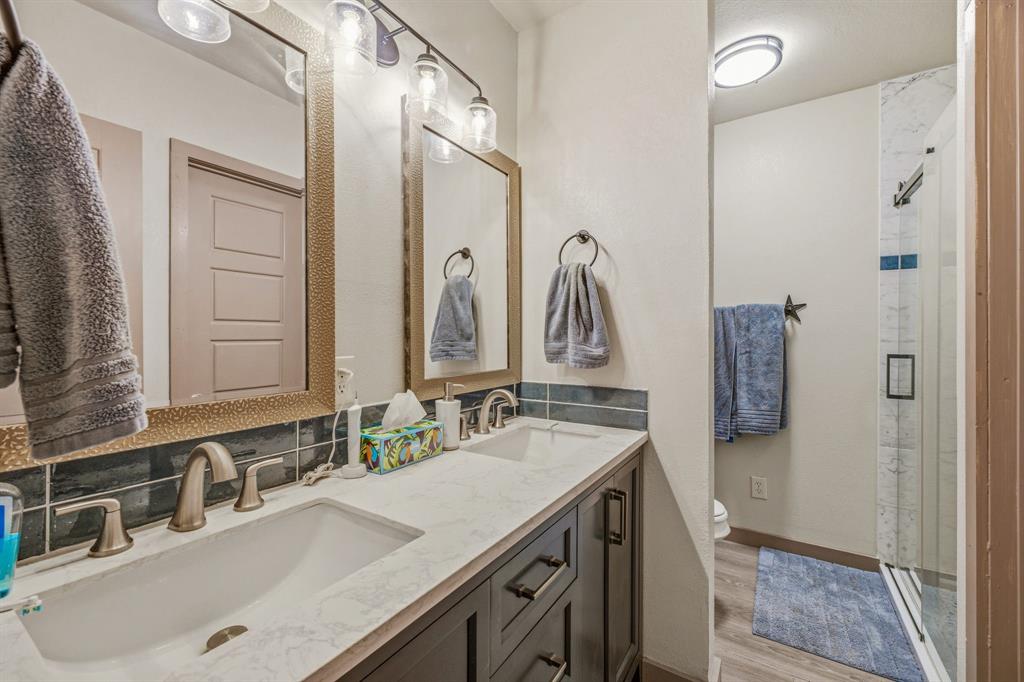 1271 Private 2120 Road Meridian, TX 76665 - Photo 16 of 40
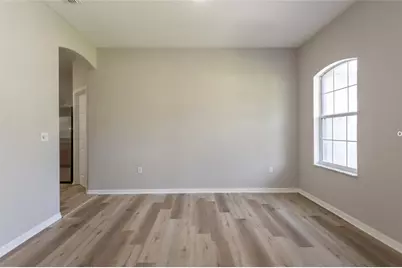 57 Renshaw Drive, Palm Coast, FL 32164 - Photo 11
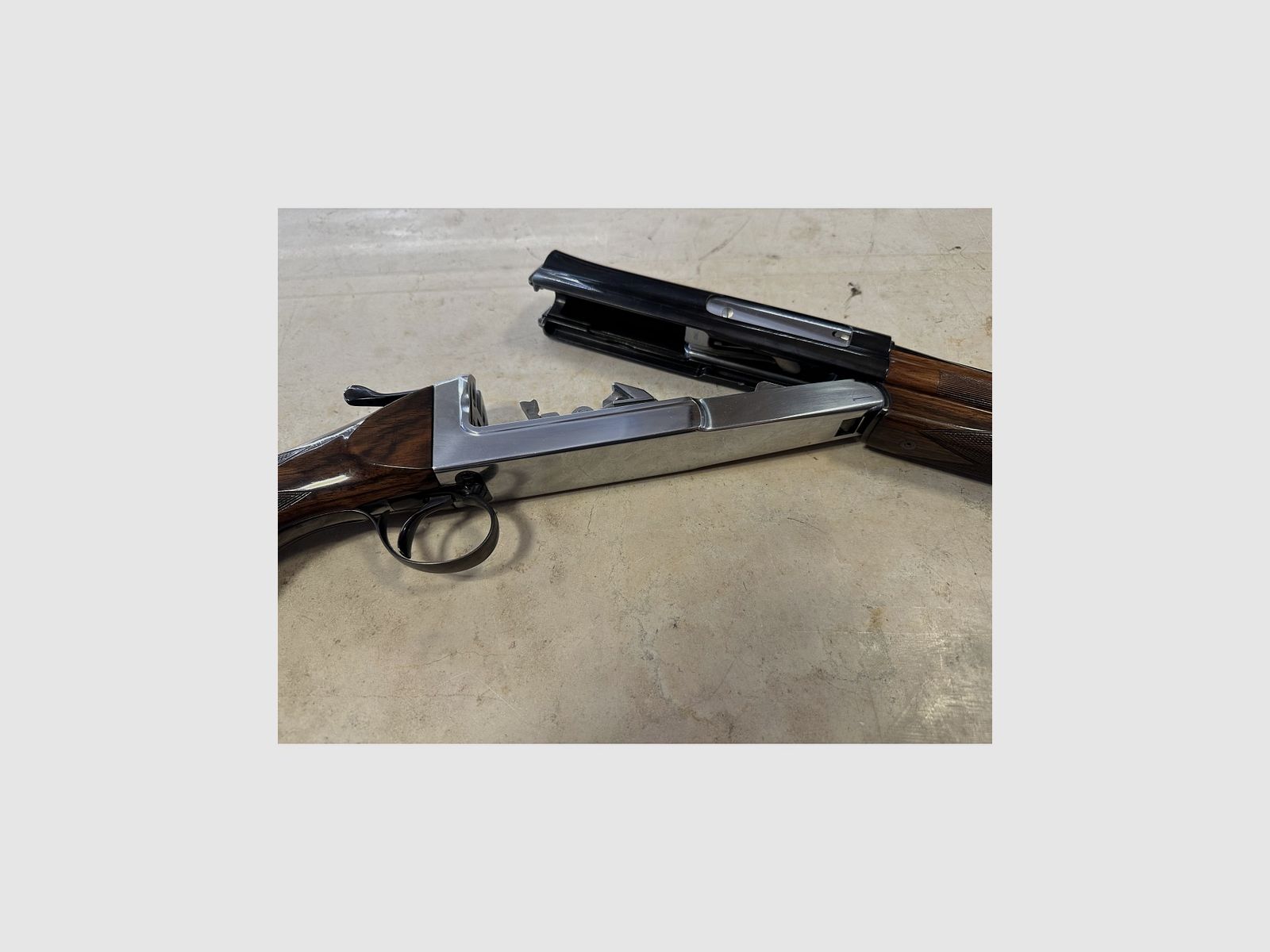 Cosmi cal.20, image 1 sur 8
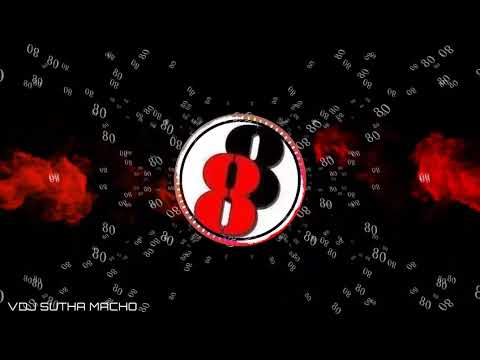 08 Aalum Parambarey Mix ♤ Dj Mathi Beat Mafia ♤ Macho Official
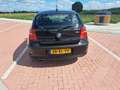BMW 118 118i - thumbnail 5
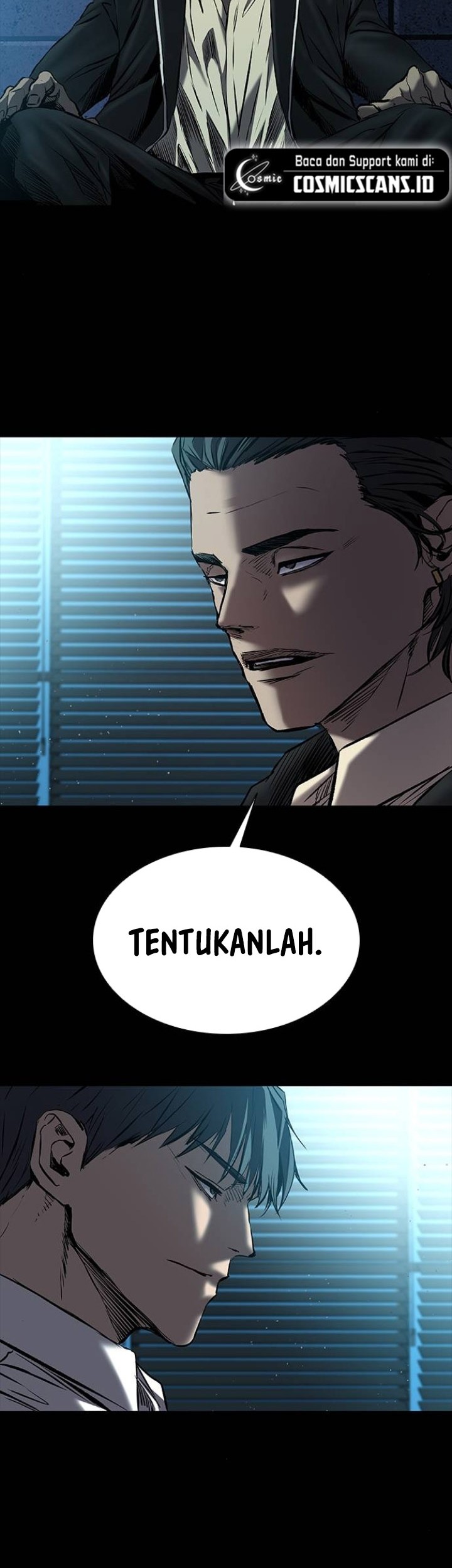 Chapter 14 - halaman 52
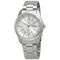 Men's SEIKO SNKN09J1 Classic Watches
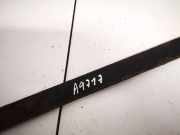 Halteband Kraftstoffbeh?lter Mazda 6, 2007.08 - 2012.12 Gebraucht,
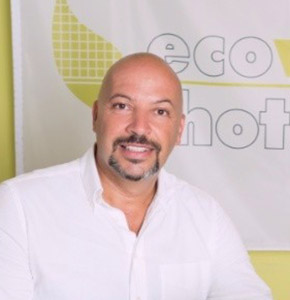 Alessandro Bisceglia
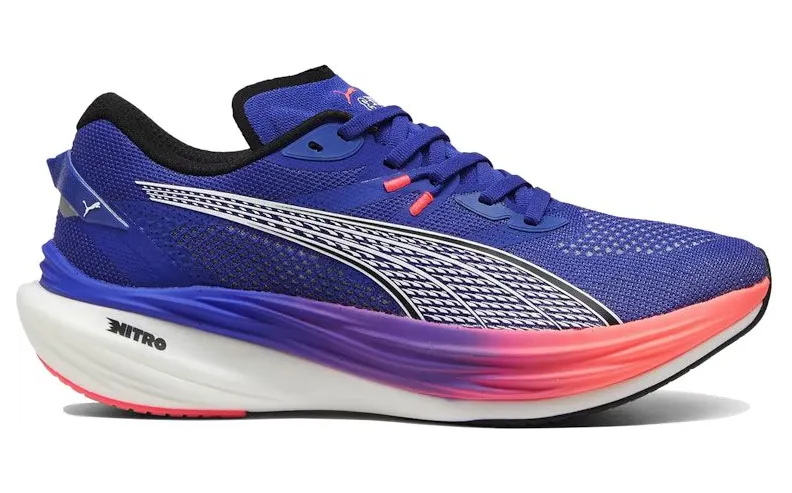 puma-deviate-nitro-3 309707-05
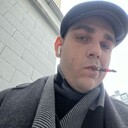  -,   , 28 ,   ,   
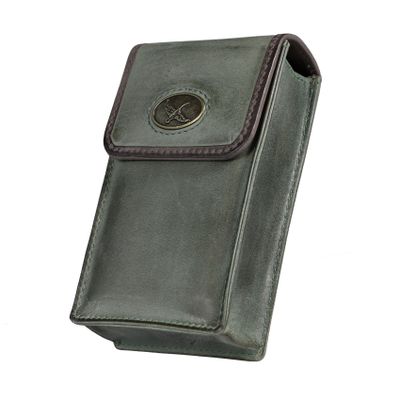 Imagen 2 del producto Cigarrera 981 Gino Rodinis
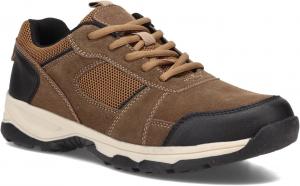 Мужские кроссовки Rockport Dickinson на шнуровке, Vicuna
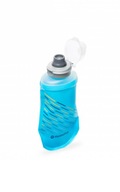 Športová fľaša Softflask 150ml Malibu HydraPak Športová fľaša Softflask 150ml Malibu HydraPak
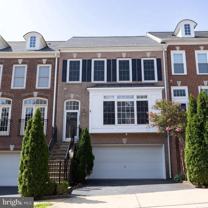 3347 Wilton Crest Ct - Photo 1 of 1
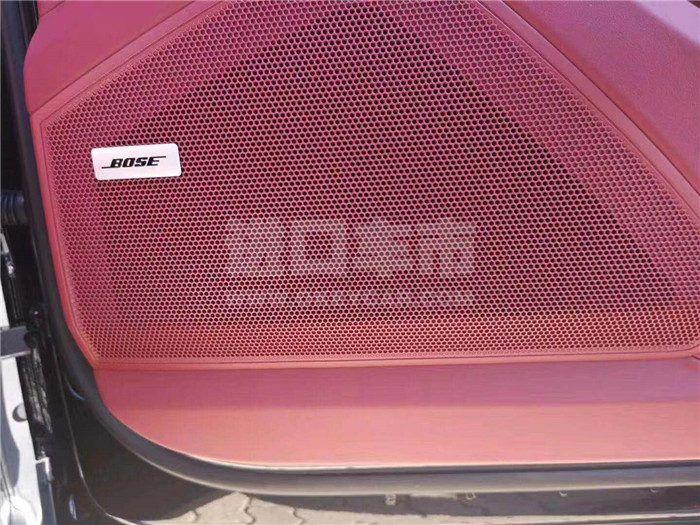 612fbb7fc2117127064a1801962beb3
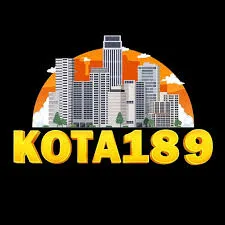 kota189 Terbaru 2026: Download APK dan Review APK Resmi — ikon aplikasi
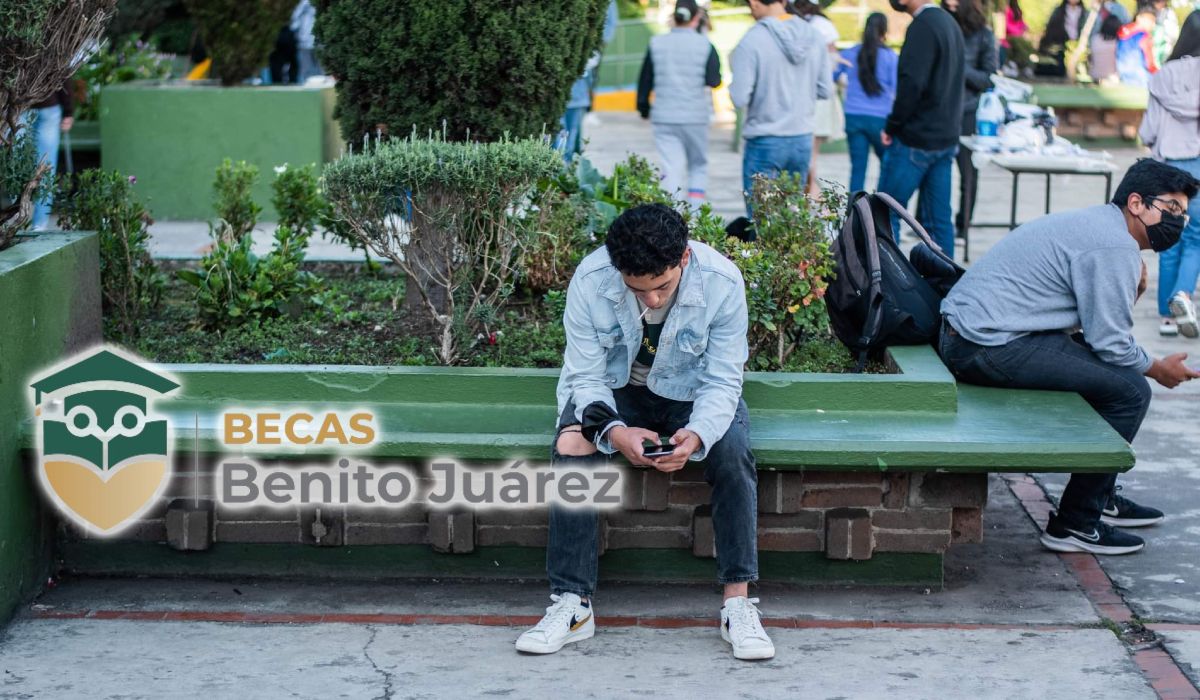 becas-benito-juarez-prepa-cuando-recibiran-5520-pesos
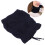 USB Charging Beanie Hat Knitted Dual‑Purpose Warm 11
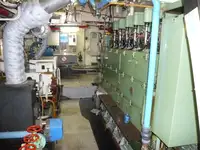 Çekme teknesi satılık
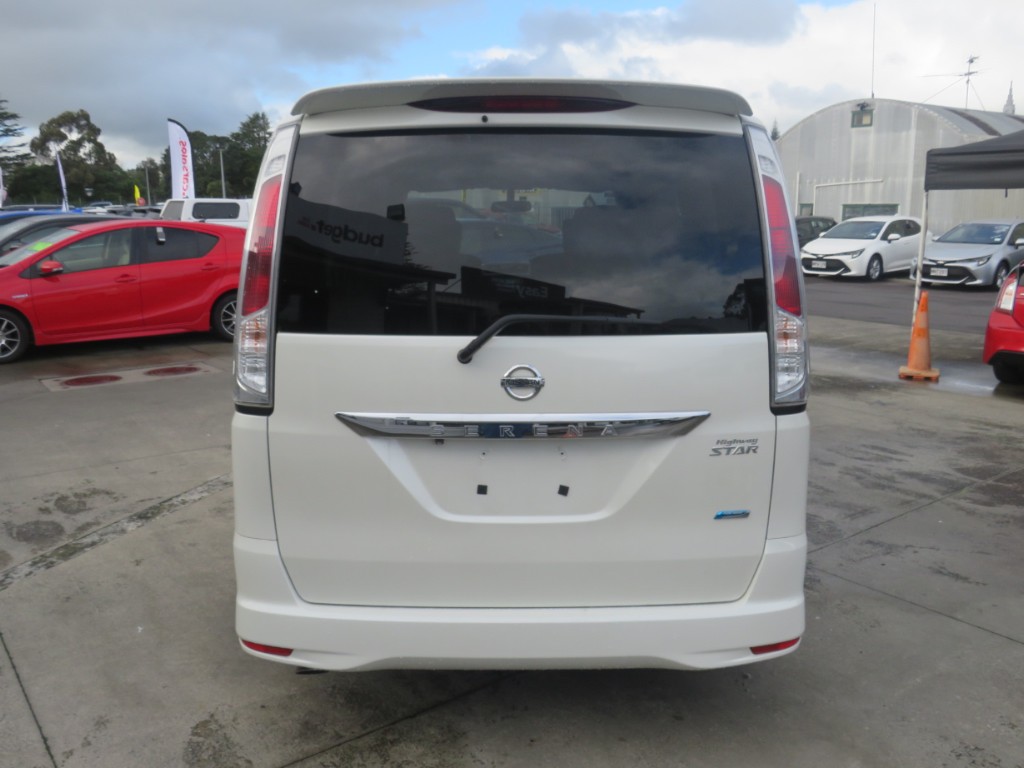 S806007.jpg
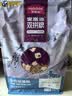 麦富迪猫粮 超肉粒冻干双拼幼猫粮免疫护肠胃 三文鱼2kg*3 实拍图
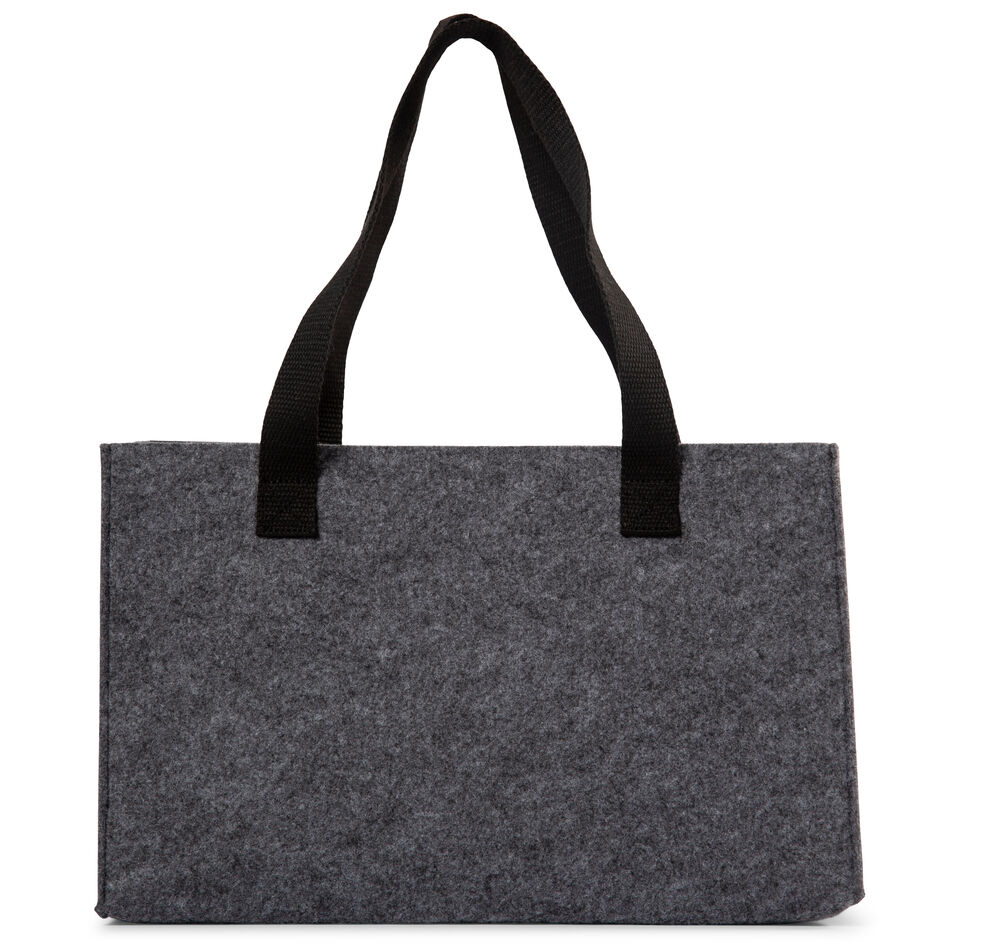 411256-97_FeltLunchbag_Grey_back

===============

Try it: Given the listing above, retype only the span of lines from the line with "57 Renshaw Drive, Palm" up to and including the line with "612fbb7fc2117127064a1801962beb3", exactly as it stands and without pictures.

Task solution:
 57 Renshaw Drive, Palm Coast, FL 32164 - Photo 11
 Cosmi cal.20, image 1 sur 8
 08 Aalum Parambarey Mix ♤ Dj Mathi Beat Mafia ♤ Macho Official
BMW 118 118i - thumbnail 5
 Chapter 14 - halaman 52
 Men's SEIKO SNKN09J1 Classic Watches
 Halteband Kraftstoffbeh?lter Mazda 6, 2007.08 - 2012.12 Gebraucht,
 Alessandro Bisceglia
 puma-deviate-nitro-3 309707-05
  -,   , 28 ,   ,   
 Imagen 2 del producto Cigarrera 981 Gino Rodinis
 Мужские кроссовки Rockport Dickinson на шнуровке, Vicuna
 Športová fľaša Softflask 150ml Malibu HydraPak Športová fľaša Softflask 150ml Malibu HydraPak
 3347 Wilton Crest Ct - Photo 1 of 1
 612fbb7fc2117127064a1801962beb3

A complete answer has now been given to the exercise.